Like pornographers, preachers don't need traditional publishers or broadcasters to reach huge markets. James Dobson's Focus on the Family, for instance, has a radio audience of about 220 million a day and generates revenues of close to $200 million a year with books, broadcasting, and other products. All without the help of traditional New York publishers. Televangelists preach to what has essentially become a studio audience there in their church, but their real audience is at home wearing sweat pants and eating Eggos.
Sex and religion - once considered private affairs - have become public performances. We all have access to everything all the time and don't even have to get dressed up (or undressed, as it may depend) to experience them.
And maybe because these things have been made so publicly private (or privately public - it is all a jumble), we ought not to be surprised that these are topics so regularly discussed when it comes to public policy.
I guess I should celebrate the fact that there is no longer any shame associated with sex or religion. It's the rare person who doesn't have some sort of faith or isn't sexual. We should be glad that the shame of homosexuality and Mormonism is a thing of the past. It is a good thing that such choices now have no more stigma than being a heterosexual scientist.
But still, for all my fascination with - even admiration of - sex and religion, I feel a little squeamish about having them in the public square at all. I'm sexual. I'm religious. But simply to state that probably suggests a host of things about me that simply aren't true. Those are terms so laden with meaning that I'm sure we all assume very different things about them. And you know what? What those terms mean to me are private. I don't consider my religious beliefs or sexual practices to be a part of my public persona. (Politics and economic beliefs by contrast? Now that is the very definition of public.)

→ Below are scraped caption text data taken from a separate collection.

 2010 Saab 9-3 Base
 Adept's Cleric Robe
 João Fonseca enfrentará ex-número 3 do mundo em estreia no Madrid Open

But perhaps one good thing that will come from this matter of making the private public is that as we learn more about what's different - even remarkable - about each other we will become more tolerant. Private secrets have become public knowledge and we learn that people make a living in hundreds of different ways. They express their politics in dozens of different ways. It only makes sense that the way they would choose to be religious or sexual would vary as well - and that just as it is in these other sectors, the options are becoming more - not less - varied and hard to understand.
And this simple fact may be why the only real sin for the younger generation is - increasingly - not based on your religion or sexual orientation but instead on your lack of tolerance. They know that the world is becoming more diverse, not less, offering more choices, not less, from food to music to ways to be intimate or explore the divine.
It is no wonder that the religious right is feeling more anxious about their social agenda. Nearly every time another child turns 18 and another octogenarian dies, they lose a vote. They have seen the future and it is not in the direction of increasing solidarity or sameness. Attempts to legislate one approach to sex are as doomed to failure as attempts to legislate one religion. And that's a good thing even if some of us old codgers are a little squeamish about having these previously private things become so public.